Your assignment ▸ A precise copy of the data is required, with every picture left out.

Exercise data ▸
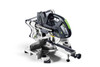 Festool Cordless KAPEX KSC 60 EB with TBX 8 Tabless Battery Starter Set (576848-578903)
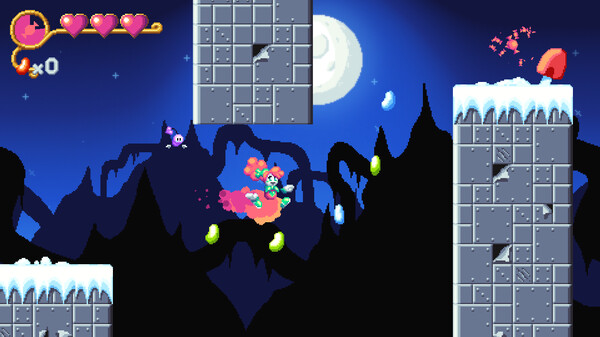 Connie and the Essence of Chaos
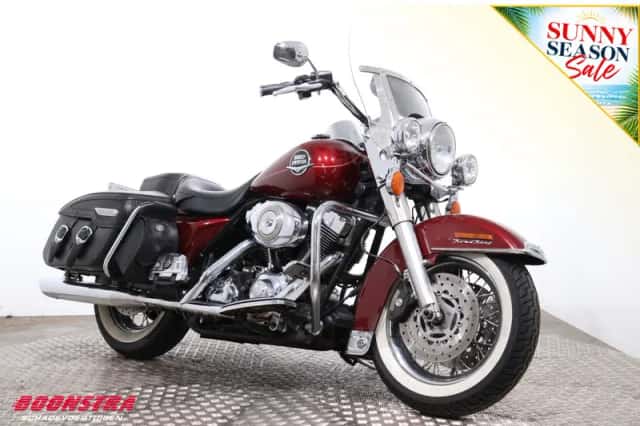 Harley-Davidson Road King (2008) thumbnail 2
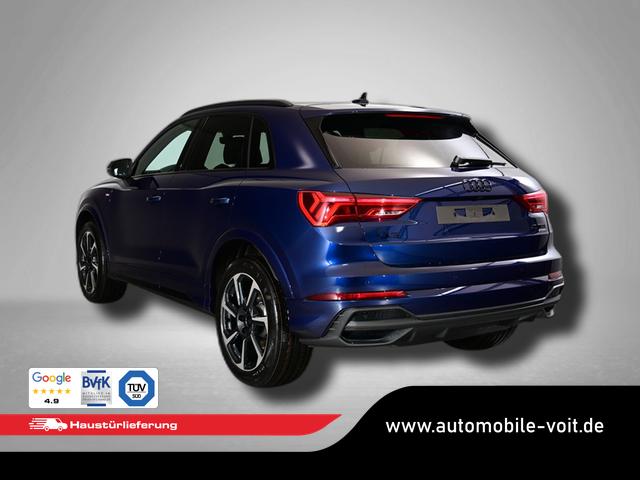 Audi Q3 S line 40 TFSI 2.0 7-Gang tronic quattro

Output below ▸
 Festool Cordless KAPEX KSC 60 EB with TBX 8 Tabless Battery Starter Set (576848-578903)
 Connie and the Essence of Chaos
 Harley-Davidson Road King (2008) thumbnail 2
 Audi Q3 S line 40 TFSI 2.0 7-Gang tronic quattro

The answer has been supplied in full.